On January 26, 2009 the
Supreme Court issued a unanimous opinion reaffirming broad retaliation protections for employees who participate in internal investigations of workplace discrimination, rejecting the employer's narrow view that the retaliation law only protected those who actually asserted claims of discrimination or participated in legal proceedings. In
Crawford v. Metropolitan Government of Nashville and Davidson County, Tennessee, the Court sent a strong message to employers that anyone who responds to interview questions qualifies for protection.
In this case, three employees interviewed during an investigation of a supervisor's reported harassment and had confirmed the harassing behavior were later fired, purportedly for unrelated reasons. The supervisor who had been investigated was not fired. Title VII to the 1964 Civil Rights Act protects employees from retaliation for both "opposing" illegal practices and for "participating" by filing a charge of discrimination, testified, assisted or participated in an investigation, proceeding or hearing under the Act.
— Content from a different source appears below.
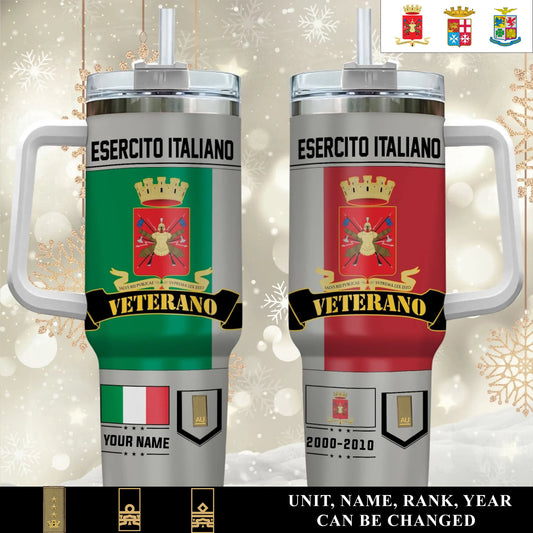 Personalized Italy Veteran/ Soldier With Rank, Year And Name Camo Tumbler - 17652384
The two clauses are commonly referred to as the "opposition" clause and "participation" clause. The employer argued that these employees had not initiated a complaint and therefore had not "opposed" discrimination and, likewise, had not filed a lawsuit or served as a witness to a legal or administrative proceeding - so, the employer concluded, these employees had engaged in no "protected activity" and were not entitled to the law's retaliation protection. The Court labeled this argument as suggesting a "freakish" rule whereby an employee who reports discrimination is protected but an employee who confirms the discrimination when asked by the employer is not.
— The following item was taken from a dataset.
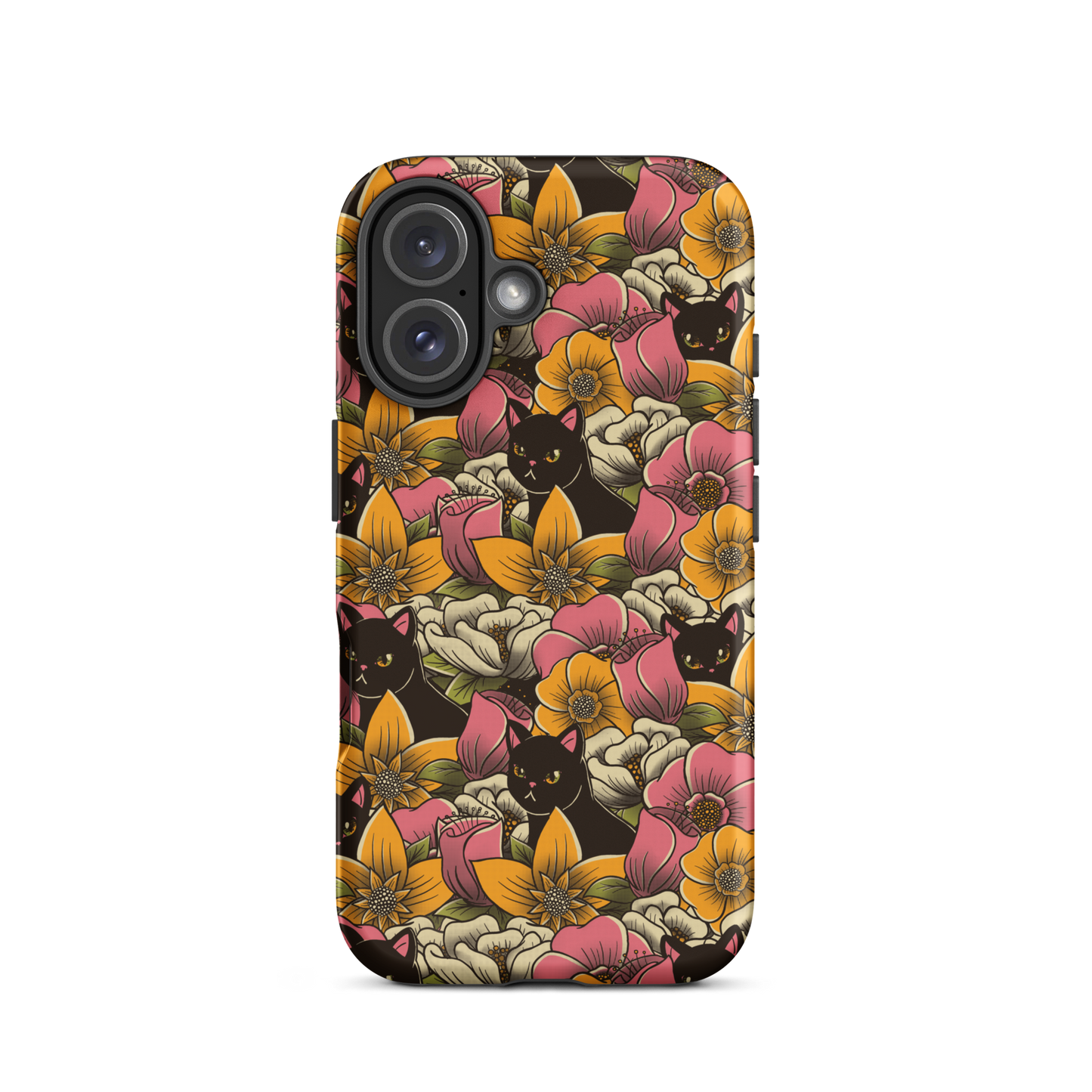 The image features a repeating pattern of colorful flowers in pink, yellow, and cream hues with lush green foliage. Interspersed among the flowers are playful black cats with bright eyes. The design has a whimsical and vibrant feel, ideal for various products like t-shirts, stickers, coffee cups, and skateboards. The style is reminiscent of traditional floral art blended with playful elements of animal decor.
The Court made clear that the "opposition" clause of Title VII protects not only "active, consistent" behavior, but may be used to describe someone who had taken no action at all to advance a position beyond disclosing it. Employers who state that they have complaint or grievance procedures, but try to undermine them by terminating or otherwise retaliating against employees who use the process or respond to questions, will not be protected by the law. The retaliation provisions of the discrimination laws are in place to assure that, whether the employer agrees with what is said by an employee regarding discrimination or harassment, or not, the employee has absolute protection of the courts to state such views, without fear of retalation. This decision follows a series of strong statements by the Supreme Court that it will not buy into pro-employer arguments suggesting that the nation's anti-discrimination laws' retaliation protections be diluted, with resulting "freakish" outcomes.